For five patients with known occurrence of honeycombing, a stack of 70 axial, lung kernel reconstructed images were acquired from MDCT chest exams.
964 regions of interest (23x23 pixels) of both health and pathological (356) lung tissue were identified by an experienced radiologist. Texture features were extracted using six properties calculated from gray-level co-occurrence matrices (GLCM), Minkowski Dimensions (MDs), three Minkowski Functionals (MFs, e.g. MF.euler) and Scaling Index Method (SIM). A fuzzy k-nearest-neighbor (k-NN) classifier and a Multilayer Radial Basis Functions Network (RBFN) were optimized in a 10-fold cross-validation for each texture feature, and the area under the ROC curve (AUC) was calculated on independent test sets as a measure of automated tissue characterization.

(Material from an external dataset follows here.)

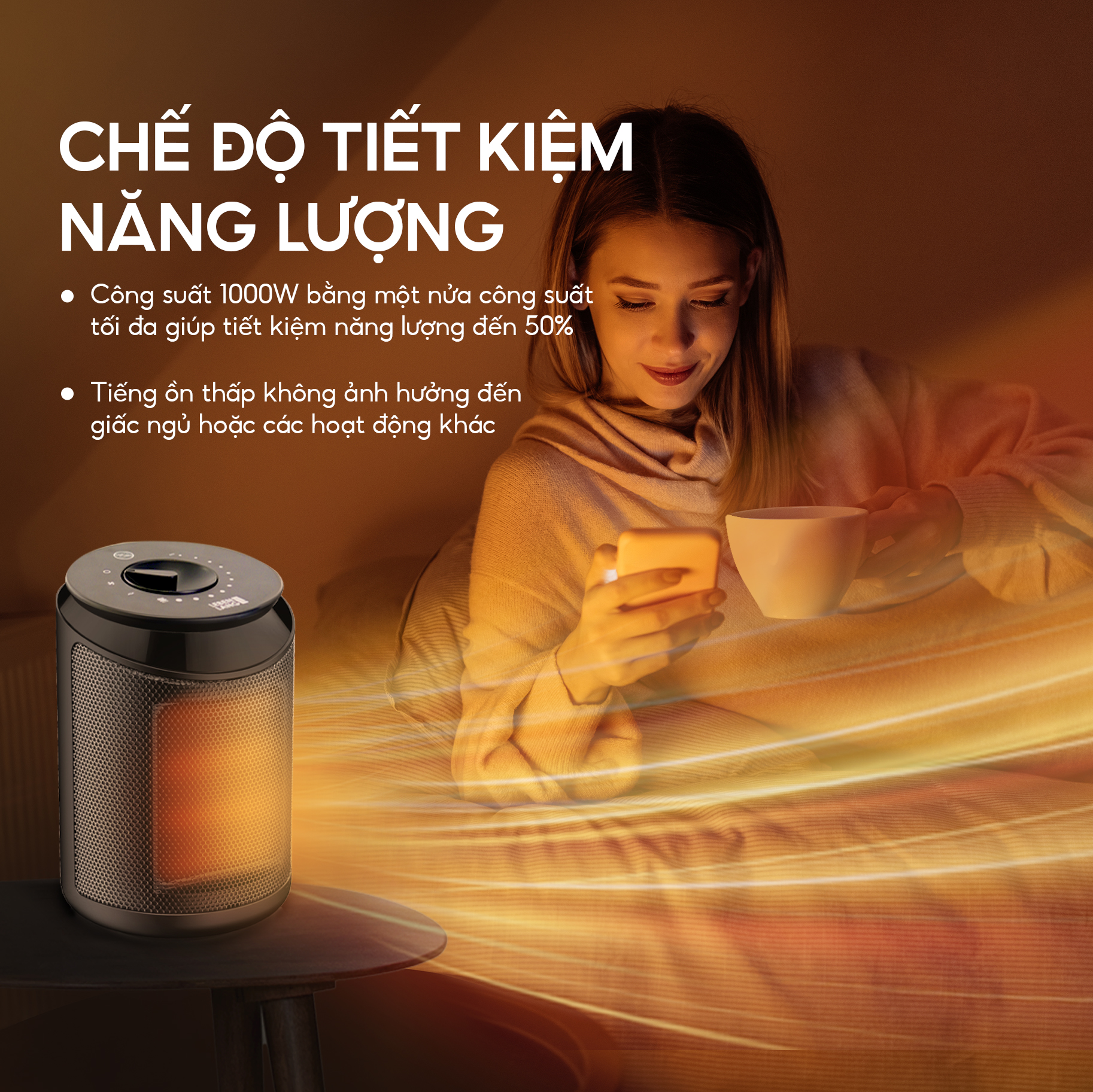 Máy sưởi mini Lebenlang LBL0278, quạt sưởi gốm 2000W, tiết kiệm điện không đốt oxy,an toàn, bảo hành 2 năm - hàng chính hãng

A Wilcoxon signed-rank test was used to compare two AUC distributions including the Bonferroni correction.
The best classification results were obtained by the MF and SIM features, which performed significantly better than all the standard GLCM and MD features (p<0.005) for both classifiers.
The highest AUC was found for the MF.euler (0.987±0.002, 0.980±0.005; for the k-NN and RBFN classifier, respectively) and slightly lower values for SIM (0.972±0.007, 0.974±0.007). The best standard texture feature, GLCM.homogeneity, had a significantly higher AUC (0.961±0.007, 0.963±0.012) than the other GLCM and MD features for both classifers (p<0.001).
The results indicate that advanced topological and geometrical texture features can provide superior classification performance in computer-assisted diagnosis of interstitial lung diseases when compared to standard texture analysis methods.
Pathological lung pattern classification using novel texture analysis approaches could improve the radiologist’s ability to accurately classify interstitial lung diseases.
Huber, M,
Nagarajan, M,
Leinsinger, G,
Ray, L,
Ekholm, S,
Wismueller, A,
Classification of Interstitial Lung Disease Patterns with Topological Texture Features. Radiological Society of North America 2009 Scientific Assembly and Annual Meeting, November 29 - December 4, 2009 ,Chicago IL.